__Input data__
^^^^^^^^
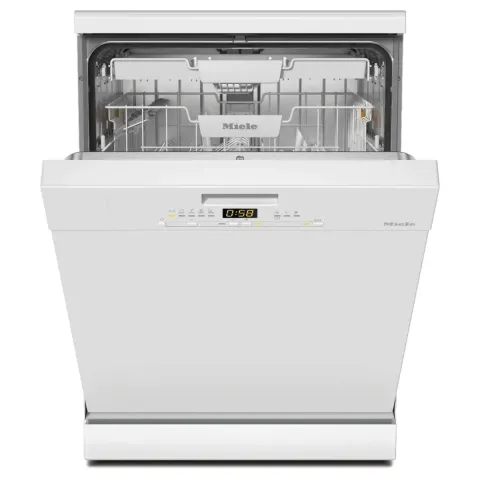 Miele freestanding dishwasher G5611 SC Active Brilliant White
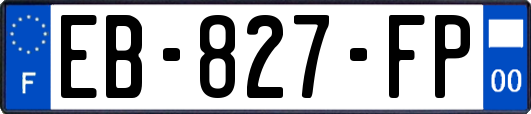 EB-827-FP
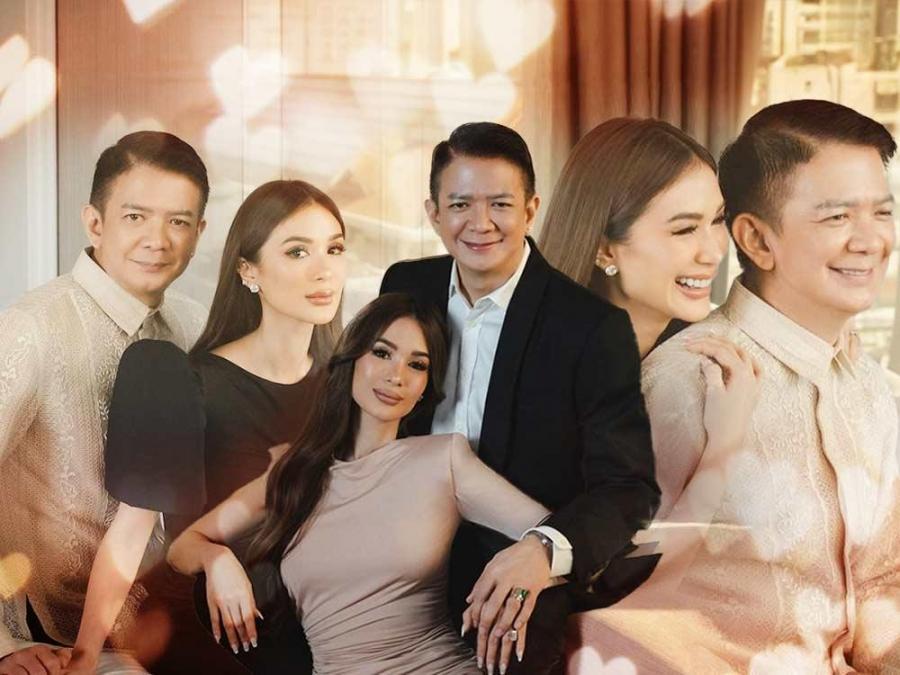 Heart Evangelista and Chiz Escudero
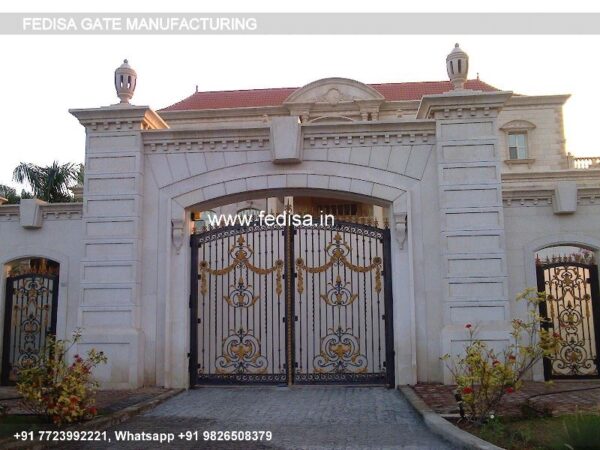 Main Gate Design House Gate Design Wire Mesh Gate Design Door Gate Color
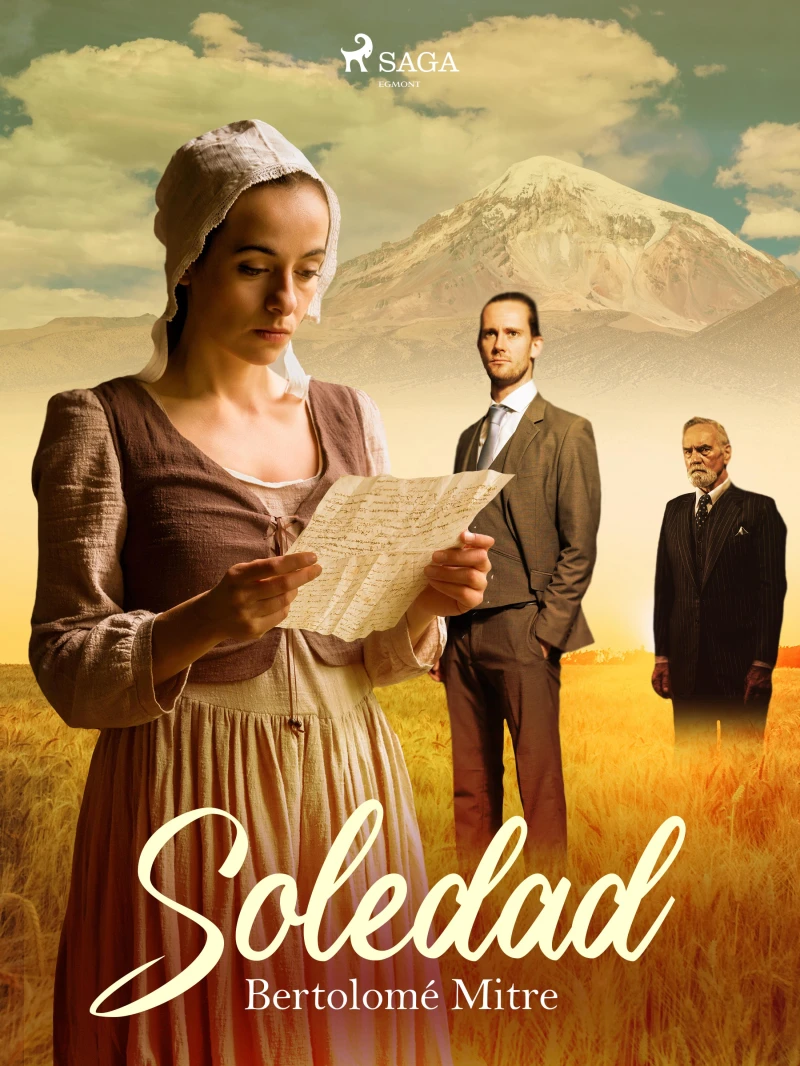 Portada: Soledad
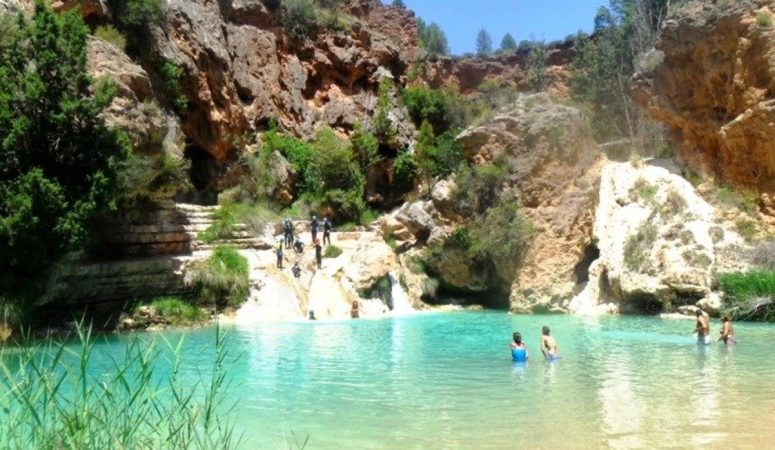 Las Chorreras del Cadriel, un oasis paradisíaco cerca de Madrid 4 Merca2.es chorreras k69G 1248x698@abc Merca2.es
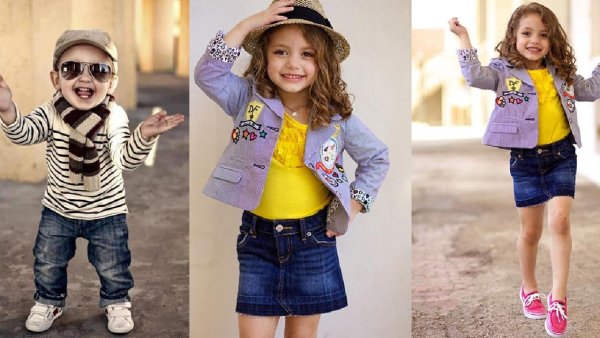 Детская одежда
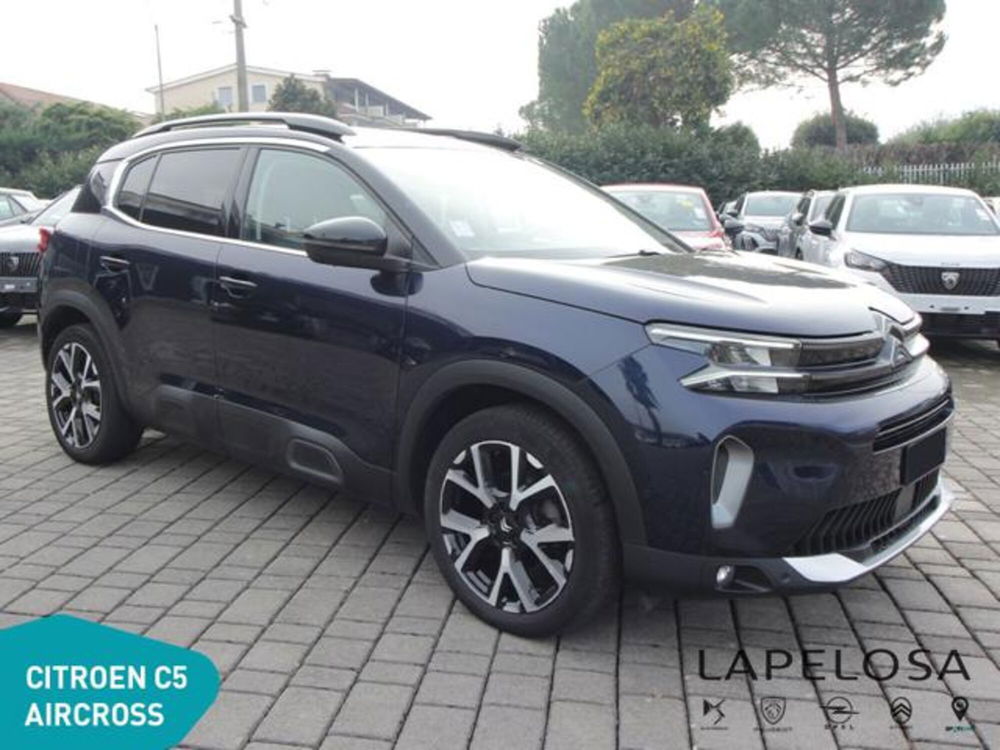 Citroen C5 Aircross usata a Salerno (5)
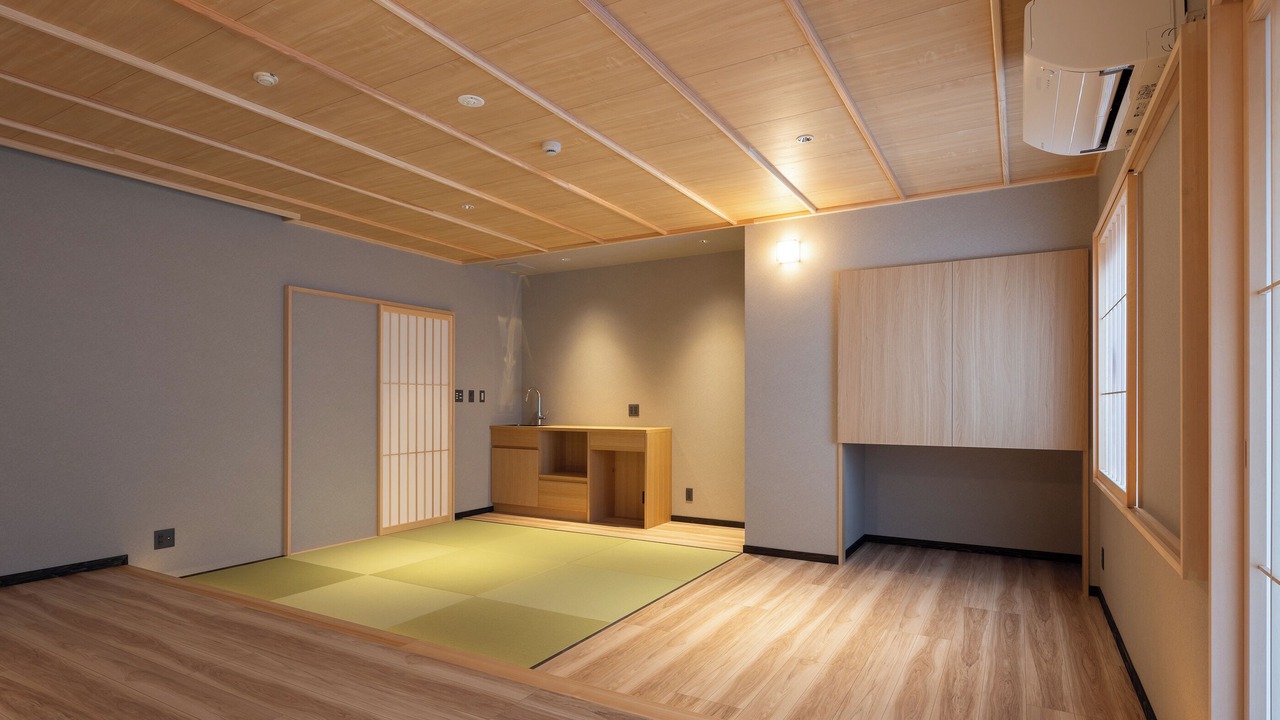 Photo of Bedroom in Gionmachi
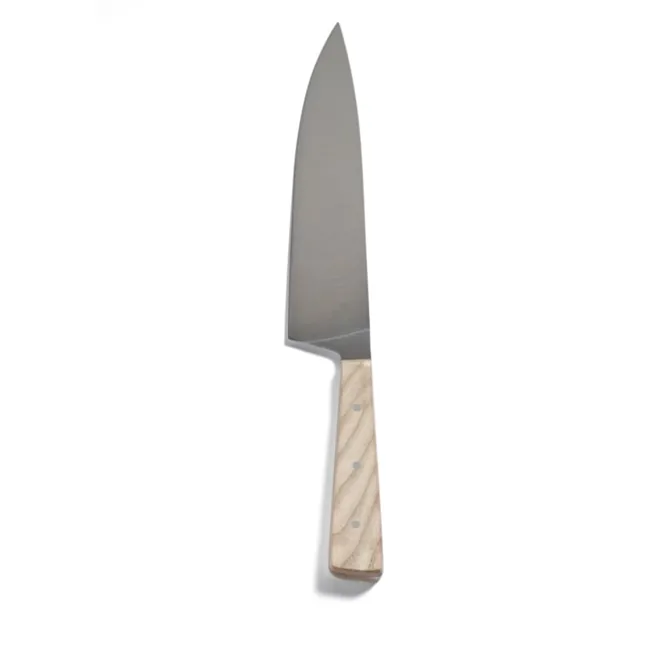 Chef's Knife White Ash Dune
^^^^^^^^
__Problem statement__
Please copy every record above exactly, but leave the pictures out.

__Answer to the problem__
 Miele freestanding dishwasher G5611 SC Active Brilliant White
 EB-827-FP
 Heart Evangelista and Chiz Escudero
 Main Gate Design House Gate Design Wire Mesh Gate Design Door Gate Color
 Portada: Soledad
 Las Chorreras del Cadriel, un oasis paradisíaco cerca de Madrid 4 Merca2.es chorreras k69G 1248x698@abc Merca2.es
 Детская одежда
 Citroen C5 Aircross usata a Salerno (5)
 Photo of Bedroom in Gionmachi
 Chef's Knife White Ash Dune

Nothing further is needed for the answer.